I have a new paper on SSRN dealing with drug courts, focusing particularly on their (poor) prospects as a mechanism to address racial disparities in the prison population.  Here is the abstract:

Specialized drug treatment courts have become a popular alternative to more punitive approaches to the “war on drugs,” with nearly 2,000 such courts now established across the United States. One source of their appeal is the belief that they will ameliorate the dramatic racial disparities in the nation’s prison population – disparities that result in large measure from the long sentences handed out for some drug crimes in conventional criminal courts. However, experience has shown that drug courts are not a “do-no-harm” innovation. Drug courts can produce both winners and losers when compared to conventional court processing, and there are good reasons to suspect that black defendants are considerably less likely to benefit from the implementation of a drug court than white defendants. As a result, drug courts may actually exacerbate, rather than ameliorate, racial disparities in the incarceration rate for drug crimes. Thus, the concerns of inner-city minority communities with the war on drugs may be better addressed through a different sort of innovation: a specialized restorative justice program for drug offenders.
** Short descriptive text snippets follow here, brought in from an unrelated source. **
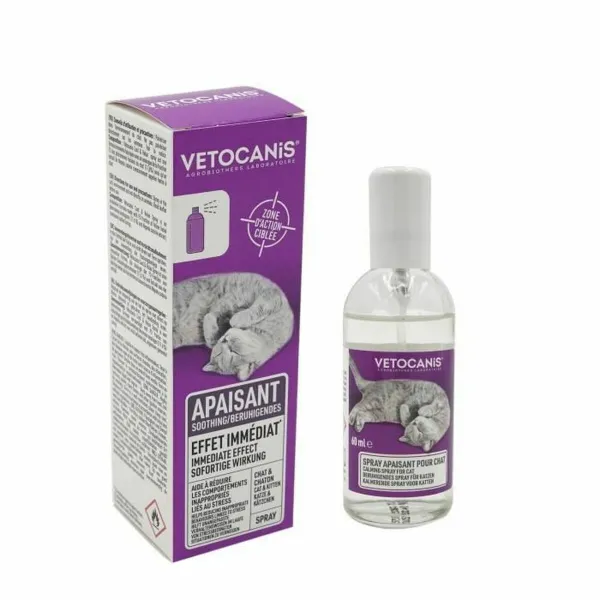 Успокаивающий гель мгновенного действия Vetocanis 60 ml Расслабляющий кот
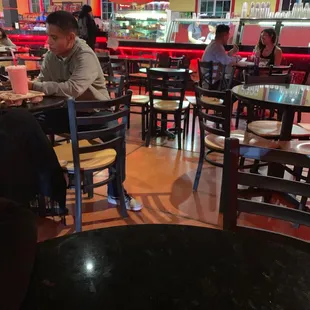 Getting a quick bite to eat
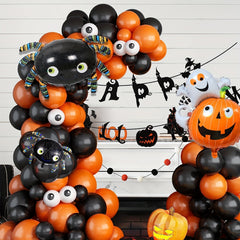 Halloween Balloons Garland Kit Orange Halloween Balloons Arch Kit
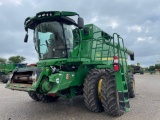 S670 JOHN DEERE STS COMBINE (TRANSMISSION PROBLEM)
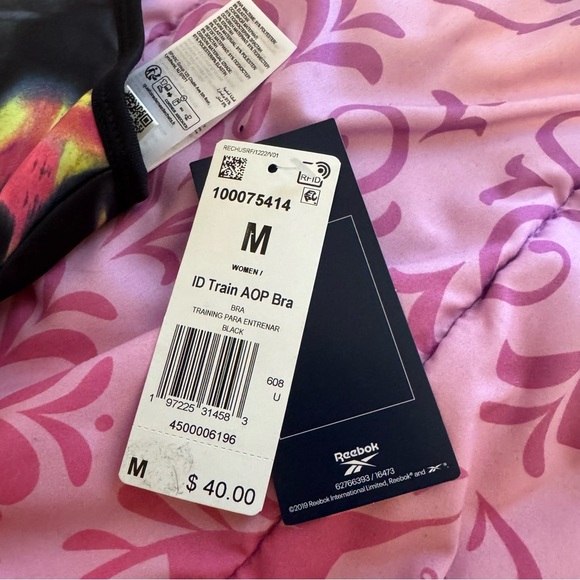 Reebok Women's Multicolor Sports Training Bra Size Medium - Picture 3 of 4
Although treatment may be part of such a program, the real centerpiece is the “community conferencing” process, which involves mediated dialogue and collective problem-solving involving drug offenders and community representatives. Where the drug treatment court gives a dominant role to criminal justice and therapeutic professionals, the community conferencing approach empowers lay community representatives, and is thereby capable of addressing some of the social capital deficits that plague inner-city minority communities with high crime and incarceration rates.

The article is forthcoming in the Stanford Law & Policy Review.